— Work request —
Using the data below, repeat all of it precisely.

— Material for this exercise —
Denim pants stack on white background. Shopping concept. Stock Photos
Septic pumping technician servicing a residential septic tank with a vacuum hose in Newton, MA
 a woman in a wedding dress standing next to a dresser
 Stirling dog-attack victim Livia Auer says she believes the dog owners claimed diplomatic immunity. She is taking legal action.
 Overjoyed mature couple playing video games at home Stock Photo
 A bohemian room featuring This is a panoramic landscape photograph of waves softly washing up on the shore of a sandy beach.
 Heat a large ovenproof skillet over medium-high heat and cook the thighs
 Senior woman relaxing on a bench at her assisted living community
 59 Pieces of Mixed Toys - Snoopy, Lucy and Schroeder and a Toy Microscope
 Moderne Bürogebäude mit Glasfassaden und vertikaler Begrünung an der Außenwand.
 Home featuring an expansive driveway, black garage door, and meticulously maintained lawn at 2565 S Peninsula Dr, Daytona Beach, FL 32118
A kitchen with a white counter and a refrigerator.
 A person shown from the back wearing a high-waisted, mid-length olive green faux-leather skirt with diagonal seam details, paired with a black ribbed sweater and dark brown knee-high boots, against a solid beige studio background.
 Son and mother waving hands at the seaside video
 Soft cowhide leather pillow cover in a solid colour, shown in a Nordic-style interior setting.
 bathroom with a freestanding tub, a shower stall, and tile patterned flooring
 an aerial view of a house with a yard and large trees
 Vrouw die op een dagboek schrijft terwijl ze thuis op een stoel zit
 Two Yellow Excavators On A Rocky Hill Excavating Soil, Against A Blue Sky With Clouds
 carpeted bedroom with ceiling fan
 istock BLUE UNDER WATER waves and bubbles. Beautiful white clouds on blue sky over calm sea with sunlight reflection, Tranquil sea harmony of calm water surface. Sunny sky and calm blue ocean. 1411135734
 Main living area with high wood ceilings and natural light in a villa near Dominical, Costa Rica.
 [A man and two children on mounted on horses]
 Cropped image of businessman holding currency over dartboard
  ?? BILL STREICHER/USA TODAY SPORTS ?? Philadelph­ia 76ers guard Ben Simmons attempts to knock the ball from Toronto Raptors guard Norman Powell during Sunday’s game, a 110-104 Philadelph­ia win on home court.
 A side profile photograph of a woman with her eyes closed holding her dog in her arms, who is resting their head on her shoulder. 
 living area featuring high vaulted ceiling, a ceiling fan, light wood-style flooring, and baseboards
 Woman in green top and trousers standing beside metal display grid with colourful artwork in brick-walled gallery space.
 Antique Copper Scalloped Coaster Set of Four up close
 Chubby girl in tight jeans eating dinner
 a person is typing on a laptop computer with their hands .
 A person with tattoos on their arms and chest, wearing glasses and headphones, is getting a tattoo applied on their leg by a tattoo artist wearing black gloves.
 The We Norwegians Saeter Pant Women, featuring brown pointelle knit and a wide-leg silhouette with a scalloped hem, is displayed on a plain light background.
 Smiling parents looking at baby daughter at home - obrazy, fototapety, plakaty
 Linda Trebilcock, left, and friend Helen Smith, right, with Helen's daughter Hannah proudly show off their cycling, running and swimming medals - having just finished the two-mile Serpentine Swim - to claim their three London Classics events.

— Problem solution —
Denim pants stack on white background. Shopping concept. Stock Photos
Septic pumping technician servicing a residential septic tank with a vacuum hose in Newton, MA
 a woman in a wedding dress standing next to a dresser
 Stirling dog-attack victim Livia Auer says she believes the dog owners claimed diplomatic immunity. She is taking legal action.
 Overjoyed mature couple playing video games at home Stock Photo
 A bohemian room featuring This is a panoramic landscape photograph of waves softly washing up on the shore of a sandy beach.
 Heat a large ovenproof skillet over medium-high heat and cook the thighs
 Senior woman relaxing on a bench at her assisted living community
 59 Pieces of Mixed Toys - Snoopy, Lucy and Schroeder and a Toy Microscope
 Moderne Bürogebäude mit Glasfassaden und vertikaler Begrünung an der Außenwand.
 Home featuring an expansive driveway, black garage door, and meticulously maintained lawn at 2565 S Peninsula Dr, Daytona Beach, FL 32118
A kitchen with a white counter and a refrigerator.
 A person shown from the back wearing a high-waisted, mid-length olive green faux-leather skirt with diagonal seam details, paired with a black ribbed sweater and dark brown knee-high boots, against a solid beige studio background.
 Son and mother waving hands at the seaside video
 Soft cowhide leather pillow cover in a solid colour, shown in a Nordic-style interior setting.
 bathroom with a freestanding tub, a shower stall, and tile patterned flooring
 an aerial view of a house with a yard and large trees
 Vrouw die op een dagboek schrijft terwijl ze thuis op een stoel zit
 Two Yellow Excavators On A Rocky Hill Excavating Soil, Against A Blue Sky With Clouds
 carpeted bedroom with ceiling fan
 istock BLUE UNDER WATER waves and bubbles. Beautiful white clouds on blue sky over calm sea with sunlight reflection, Tranquil sea harmony of calm water surface. Sunny sky and calm blue ocean. 1411135734
 Main living area with high wood ceilings and natural light in a villa near Dominical, Costa Rica.
 [A man and two children on mounted on horses]
 Cropped image of businessman holding currency over dartboard
  ?? BILL STREICHER/USA TODAY SPORTS ?? Philadelph­ia 76ers guard Ben Simmons attempts to knock the ball from Toronto Raptors guard Norman Powell during Sunday’s game, a 110-104 Philadelph­ia win on home court.
 A side profile photograph of a woman with her eyes closed holding her dog in her arms, who is resting their head on her shoulder. 
 living area featuring high vaulted ceiling, a ceiling fan, light wood-style flooring, and baseboards
 Woman in green top and trousers standing beside metal display grid with colourful artwork in brick-walled gallery space.
 Antique Copper Scalloped Coaster Set of Four up close
 Chubby girl in tight jeans eating dinner
 a person is typing on a laptop computer with their hands .
 A person with tattoos on their arms and chest, wearing glasses and headphones, is getting a tattoo applied on their leg by a tattoo artist wearing black gloves.
 The We Norwegians Saeter Pant Women, featuring brown pointelle knit and a wide-leg silhouette with a scalloped hem, is displayed on a plain light background.
 Smiling parents looking at baby daughter at home - obrazy, fototapety, plakaty
 Linda Trebilcock, left, and friend Helen Smith, right, with Helen's daughter Hannah proudly show off their cycling, running and swimming medals - having just finished the two-mile Serpentine Swim - to claim their three London Classics events.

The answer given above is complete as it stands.